Life is all about priorities. For instance, sometime in the next few months, I’m going to quit smoking. I have to: it’s expensive, unhealthy, and isn’t doing my enthusiasm for life any favors. On the other hand, no matter how often I threaten to, I’m not gonna drop Facebook as a habit. It’s become too central to my social, freelance, and intellectual lives; all I can do now is try to mitigate the aspects that regularly aggravate me by hewing to the precepts described below.
Tagging People in Long, Winding Comment Threads. Why not just shoot your friend the original link?
Less Sharing or Liking Memes or Articles. I’ve pulled back on the sharing, but the liking remains an unfortunate reflex that’s unfortunately similar to a laboratory mouse hitting a button to receive a food pellet. Visitors to museums or appreciators of public graffiti don’t touch what they’re looking at; pedestrians don’t grab what turns them on in public (most of the time, anyway). Liking every single thing that shows up on Facebook just feels needless and desperate, a small and ineffectual attempt to connect or reconnect that so many of us like to pretend is more significant than it really is.
More Acknowledging the Original Thoughts and Images Provided By Others. Because originality matters.
No More Poking. Shit is played out. Why not just message, or be messaged? Or email? Or call?
Unfollowing Nice Enough People Who Happen to be Online Irritants. I’m not necessarily talking about Donald Trump supporters here, but people you know and like and perhaps work with whose online presence is insufferable enough to torpedo your daily News Feed experience. The jittery associate who studs every post with exclamation marks and wide-eyed selfies; the bro flooding his timeline with personal details; the sour-faced poetess at odds with reality. The mere act of unfollowing this trio felt just now felt incredibly liberating. Try it! You can thank me later.
Denying the Willfully Vague. There are already too many fucking riddles out there. If you’ve got something to say, just say it.

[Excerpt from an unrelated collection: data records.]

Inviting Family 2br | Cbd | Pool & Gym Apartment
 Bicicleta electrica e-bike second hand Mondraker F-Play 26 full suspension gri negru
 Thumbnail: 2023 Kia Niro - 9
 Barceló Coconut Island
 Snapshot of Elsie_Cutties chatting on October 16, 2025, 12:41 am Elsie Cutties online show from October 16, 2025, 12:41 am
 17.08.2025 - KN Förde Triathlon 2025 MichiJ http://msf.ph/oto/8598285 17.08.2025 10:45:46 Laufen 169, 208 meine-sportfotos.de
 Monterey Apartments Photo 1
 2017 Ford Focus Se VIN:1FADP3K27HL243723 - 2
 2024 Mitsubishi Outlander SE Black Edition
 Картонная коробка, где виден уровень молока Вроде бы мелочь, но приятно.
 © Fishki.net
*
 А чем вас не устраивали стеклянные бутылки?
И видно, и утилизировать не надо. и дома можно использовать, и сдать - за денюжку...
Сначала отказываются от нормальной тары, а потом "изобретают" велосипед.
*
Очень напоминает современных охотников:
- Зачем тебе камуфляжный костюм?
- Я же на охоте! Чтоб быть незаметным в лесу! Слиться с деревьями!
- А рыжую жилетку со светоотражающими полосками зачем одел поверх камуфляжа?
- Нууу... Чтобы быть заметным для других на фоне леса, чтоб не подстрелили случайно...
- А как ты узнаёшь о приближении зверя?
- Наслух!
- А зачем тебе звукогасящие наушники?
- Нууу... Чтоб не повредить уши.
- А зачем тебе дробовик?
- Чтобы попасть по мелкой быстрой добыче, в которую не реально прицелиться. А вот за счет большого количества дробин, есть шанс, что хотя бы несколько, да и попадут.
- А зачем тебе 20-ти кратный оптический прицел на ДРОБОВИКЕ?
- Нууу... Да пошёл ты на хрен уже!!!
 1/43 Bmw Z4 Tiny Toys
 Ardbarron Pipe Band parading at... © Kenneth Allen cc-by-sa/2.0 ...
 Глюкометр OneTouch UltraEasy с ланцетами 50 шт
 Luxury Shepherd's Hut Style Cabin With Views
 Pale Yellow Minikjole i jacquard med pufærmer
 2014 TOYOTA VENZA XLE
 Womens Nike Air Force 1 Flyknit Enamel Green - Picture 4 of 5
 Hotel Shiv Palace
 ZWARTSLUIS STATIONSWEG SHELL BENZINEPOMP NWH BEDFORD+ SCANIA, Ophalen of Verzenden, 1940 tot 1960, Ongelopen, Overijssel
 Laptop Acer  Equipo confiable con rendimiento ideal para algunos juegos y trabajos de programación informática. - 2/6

Starving the Perpetually “Thirsty.” In 2016, I straight up refuse to be a serial liker of anyone’s selfies, particularly if the selfies are suggestive and arrive in an incessant stream at the rate of several a week. Why? Because supporting this practice feels icky, manipulative, and a bit exploitative in both directions, especially when dozens of other people are clicking the “Like” button on those selfies. I’m not gonna judge what adult performers do for a living, but none of the people I’m referring to are adult performers: they’re musicians and regular people for whom this practice seems to be some weird form of self-validation or self-actualization. The days of me being a party to this are done—but I’ll totally “Like” a picture of you with the squad or the family or your partner.